On August 21, 2018, at about 3 p.m., Saudi naval and air forces attacked a fishing boat carrying 19 fishermen off the coast of Eritrea. Seven fishermen died in the attack and Saudi forces detained the remaining 12, 3 of whom had burns and another who was severely wounded. The fishing boat had left the Yemeni port of Qatabah about a week earlier with permission from the Eritrean government to fish in Eritrean waters.

Three survivors, interviewed separately, said they saw a gray and black helicopter with a Saudi flag painted on the side approach their boat. The men waved a white cloth and raised their hands to indicate they were unarmed. A man using the helicopter’s loudspeaker ordered them to move toward the boat’s bow. Some of the men did. but a gunman in the helicopter opened fire with an automatic weapon.

One fisherman, “Bassam,” described the attack:

At that point, a coalition warship approached the fishing boat. It fired a munition that struck the boat’s stern and caused an explosion, setting the boat on fire. The 12 surviving fishermen jumped into the water, clinging to empty tanks to stay afloat. A rubber dinghy with several armed men approached the survivors.

Two witnesses said that the officers nearly executed one of the badly injured fishermen. “They yelled, ‘He is wounded. Kill him! Kill him!” said “Shihab.” The wounded man shouted, “I am Muslim like you!” and started reciting the shahaada [prayer said before death]. At that point, the officers dragged him onto their boat.

After bringing the surviving fisherman aboard the naval ship, also marked with a Saudi flag, officers beat the fishing boat’s captain, one witness said.

The badly wounded fisherman was transported by helicopter to a military hospital for treatment and the 11 others were taken by ship and vehicle to a medical clinic in Saudi Arabia, and then to a detention facility near the Jizan port, in the country’s southwest. Three of them were burned severely, two witnesses said, but it was six days before they saw a doctor.

“The soldiers [in the detention facility] would cover their faces because of the smell [of the burns],” said “Hossam.” “[After] five to six days, they brought us pills and ointment and gauze.” Prison authorities did not transfer the burn victims to a hospital for treatment.

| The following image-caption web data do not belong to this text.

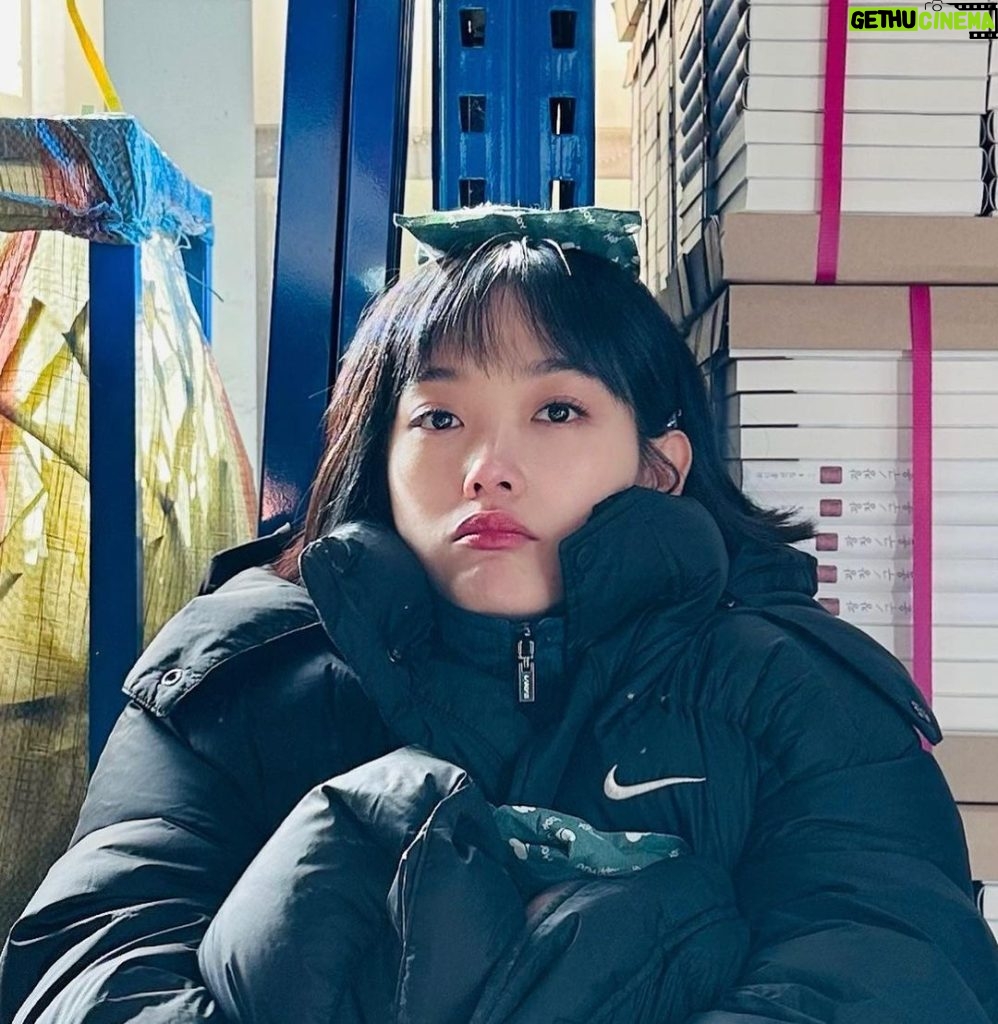 Lee You-mi Instagram - 오늘도 #힘쎈여자강남순 🥰 JTBC pm10:30 패딩과 한몸 남순 핫팩과 한손 남순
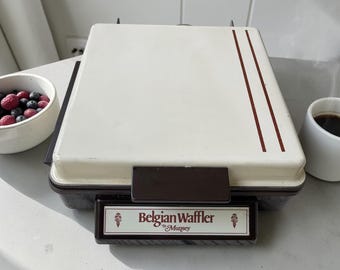 Belgisches Vintage Waffeleisen von Munsey - Modell BW-4 - Retro Küchengerät - Funktioniert hervorragend - 4 quadratische Waffeln - Stil der 70er Jahre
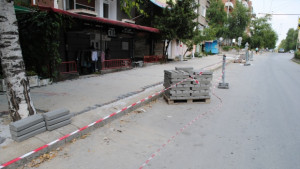 Въпреки жегата усилени ремонти кипят във Велико Търново СНИМКИ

The men faced mistreatment during interrogation that amounted to torture. “Bassam” said:

They blindfolded and handcuffed us and hit us with a cable … [I] lost consciousness every night for 15 days. Every one of us was investigated and hit … there was blood…. We were interrogated for a few hours. I would go by myself. I felt from the beating and the voices that three or four people were hitting me in different ways and in different places – on my leg, and my chest, and my waist and bottom.They also hung me from a pipe from my arm and leg, and then they dropped me. They said, “You are Houthis.… [C]onfess you are Houthi and we will stop doing this.” So I put my thumb print on a piece of paper [but] didn’t read it. 

Three months later, Saudi authorities transferred eight of the detainees to a deportation detention center, where they spent nine days. Guards then put them on a bus to the al-Wadia checkpoint at the Yemen border. They said they were given 5,000 Saudi Riyals (US$1,333), which guards told them was “from King Salman,” and warned them not to speak about what happened to them after returning to Yemen. Once they crossed the border, Yemeni authorities gave the men money to return home, and they made their way back to Khawkha. Another detainee was released 29 days later. The situation of the three remaining detainees, including the boat’s captain, remains unknown.

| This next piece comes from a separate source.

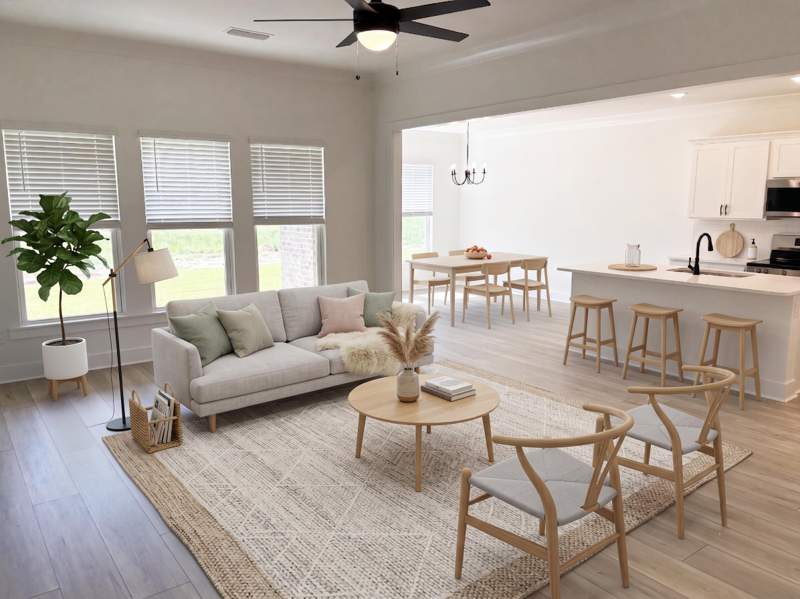 4 bedroom Detached Single Family at 5910 Luckenbach Lane, Houston Place, Crestview — photo 3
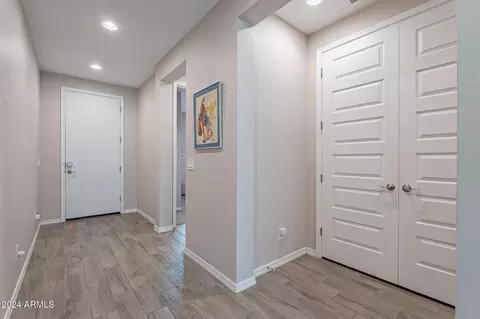 9845 E Kinetic Dr, Mesa, AZ 85212 photo 5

Zuqer Island, mid-August 2018: 15 killed in 2 attacks, 6 injured

In mid-August 2018, coalition naval forces attacked two fishing boats on the same day near Zuqer Island off the coast of Yemen, in seas controlled by the Yemeni government. Human Rights Watch spoke with two survivors of one attack, one of whom witnessed the other attack.

One fishing boat had set off from Khawkha port with a crew of nine men and five boys. “Ramzi,” a crew member, said they received permission to fish from the political security office in al-Khawkha, which coordinated these requests with the Yemeni coast guard and coalition forces.

On the fifth day at sea, between 2:30 p.m. and 4 p.m., when they were fishing near Zuqer Island, a coalition warship approached the boat, “Ramzi” said. The warship began shooting over the fishing boat, while the men onboard shouted that they were fishermen and waved at the warship to stop firing. The warship then fired at the boat, killing and injuring some of the crew.

Another fisherman, “Yousef,” gave a similar account. “I tried to hide in the boat but then I jumped,” he said. “I was injured in the head – one bullet penetrated the boat and nicked my head. I saw Ibrahim Abdo Saeed dying in front of me.”

The attack started a fire on the fishing boat, causing the surviving crew members to jump into the water. Ramzi saw the current carry two fishermen away, one a 13-year-old boy, though he later learned that they survived. Some died immediately and many others were wounded, he said. Ramzi managed to connect a cluster of jerry cans with rope, which he and four others, one of them a 13 or 14-year-old boy, used to stay afloat.

Ramzi said he saw a helicopter on the warship take off and fly toward another fishing boat about two nautical miles away, manned by fishermen whom he knew. He later learned that this boat was also attacked, and 4 of the 10 crew members died.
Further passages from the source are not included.